The UAE's national strategy to combat human trafficking is based on the five pillars of prevention, protection, prosecution, punishment and promotion (of international cooperation) and is coordinated by the National Committee to Combat Human Trafficking (NCCHT).
Much progress has been made since Federal Law 51 was passed in 2006 outlawing all forms of human trafficking and stipulating strong punitive measures, including maximum penalties of life imprisonment, for infringement.
NCCHT's annual report for 2012–2013 indicated that while only 10 cases of human trafficking were reported in 2007, this figure doubled to 20 cases in 2008, went up to 43 in 2009 and 58 in 2010, reduced to 37 in 2011, and increased again to 47 in 2012. However, NCCHT believes that the numbers reflect both a growing awareness among the public, assisted by media campaigns, and intensifying counter-measures adopted by the government.
Regular workshops and training courses have been held to enhance the skills of government and law enforcement officials tasked with implementing the legislation related to such crimes. Strategies have been put in place to combat all forms of forced labour through the imposition of heavy fines and there has been an expansion in the number of shelters for for the protection, counselling and rehabilitation of women and children who are victims of human trafficking and sexual exploitation.

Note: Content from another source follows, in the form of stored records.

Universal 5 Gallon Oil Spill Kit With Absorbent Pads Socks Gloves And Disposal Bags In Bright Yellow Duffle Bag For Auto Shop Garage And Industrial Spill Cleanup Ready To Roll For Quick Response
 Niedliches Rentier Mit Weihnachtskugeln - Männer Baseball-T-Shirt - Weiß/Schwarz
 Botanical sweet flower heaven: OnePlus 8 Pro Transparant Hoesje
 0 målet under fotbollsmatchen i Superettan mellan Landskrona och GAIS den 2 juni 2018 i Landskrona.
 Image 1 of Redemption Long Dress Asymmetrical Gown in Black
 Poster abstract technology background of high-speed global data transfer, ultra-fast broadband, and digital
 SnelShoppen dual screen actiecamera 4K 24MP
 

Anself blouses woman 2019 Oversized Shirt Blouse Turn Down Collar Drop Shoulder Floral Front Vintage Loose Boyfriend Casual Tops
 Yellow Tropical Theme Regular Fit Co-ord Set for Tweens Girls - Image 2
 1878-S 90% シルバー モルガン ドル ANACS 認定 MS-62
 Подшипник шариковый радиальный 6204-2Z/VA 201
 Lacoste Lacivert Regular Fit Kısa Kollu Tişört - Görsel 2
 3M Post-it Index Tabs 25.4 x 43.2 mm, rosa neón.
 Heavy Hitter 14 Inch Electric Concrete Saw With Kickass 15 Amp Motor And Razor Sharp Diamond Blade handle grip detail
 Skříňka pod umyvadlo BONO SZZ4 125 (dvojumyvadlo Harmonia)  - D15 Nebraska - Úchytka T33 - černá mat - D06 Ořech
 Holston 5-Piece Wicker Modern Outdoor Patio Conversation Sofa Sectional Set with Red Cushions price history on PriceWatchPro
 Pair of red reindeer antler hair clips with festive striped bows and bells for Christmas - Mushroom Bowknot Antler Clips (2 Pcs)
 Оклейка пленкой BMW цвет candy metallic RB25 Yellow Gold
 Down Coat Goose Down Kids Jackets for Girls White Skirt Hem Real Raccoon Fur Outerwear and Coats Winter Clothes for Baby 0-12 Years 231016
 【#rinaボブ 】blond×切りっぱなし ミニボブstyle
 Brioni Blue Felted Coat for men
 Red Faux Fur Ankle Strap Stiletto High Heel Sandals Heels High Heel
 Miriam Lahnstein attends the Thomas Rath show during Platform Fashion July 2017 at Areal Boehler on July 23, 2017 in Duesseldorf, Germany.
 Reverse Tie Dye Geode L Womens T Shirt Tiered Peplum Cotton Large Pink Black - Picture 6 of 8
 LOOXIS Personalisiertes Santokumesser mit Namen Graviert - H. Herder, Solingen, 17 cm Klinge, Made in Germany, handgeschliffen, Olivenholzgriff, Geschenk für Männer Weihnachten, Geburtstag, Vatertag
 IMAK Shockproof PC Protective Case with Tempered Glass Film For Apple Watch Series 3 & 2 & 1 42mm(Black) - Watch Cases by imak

A Victim Support Fund has been established to meet the future needs of victims. The fund will work alongside the Ewa'a (meaning 'to shelter') centres run by the Red Crescent. Abu Dhabi energy company, Taqa is also supporting Ewa'a centres in Abu Dhabi, Ra's al-Khaimah and Sharjah. Traditionally, these rehabilitation centres housed women and children, but a centre for adult male victims of human trafficking and sexual abuse has recently been opened.
In addition Federal Law No 51 is being amended to bring it in line with the Palermo Protocol (to Prevent, Suppress and Punish Trafficking in Persons, especially Women and Children), which is attached to the UN Convention against Transnational Organised Crime (Palermo Convention), both of which the UAE has ratified. In April 2013, the UAE also joined the Bali Process on People Smuggling, Trafficking in Persons and Related Transnational Crime.
As part of the 20-member Group of Friends United Against Human Trafficking, the UAE has signed the Declaration on the Global Efforts to Combat Trafficking in Persons and it has presented the UN with the funds to establish UN.GIFT, the UN Global Initiative to Stop Human Trafficking.
Although much progress has been made, the UAE is determined to address all the concerns related to this issue and will maintain a constructive dialogue with members of the international community to eliminate human trafficking.
In conclusion, the UAE has made significant progress in dealing with human rights issues in a short period of time, but realises that much more needs to be done, and is ready to move ahead constructively and systematically in improving its human rights record. Like other States, the UAE has to meet certain challenges and set priorities in the human rights domain in the light of the rapid changes in the world, which will be its centre of focus in the forthcoming phase.
At the same time, the Government is committed to serving as a model for change in the region and an active member of the international community. In keeping with this, it is developing and harmonising its human rights standards with international principles, as well as diversifying and strengthening the mechanism and institutions promoting these causes.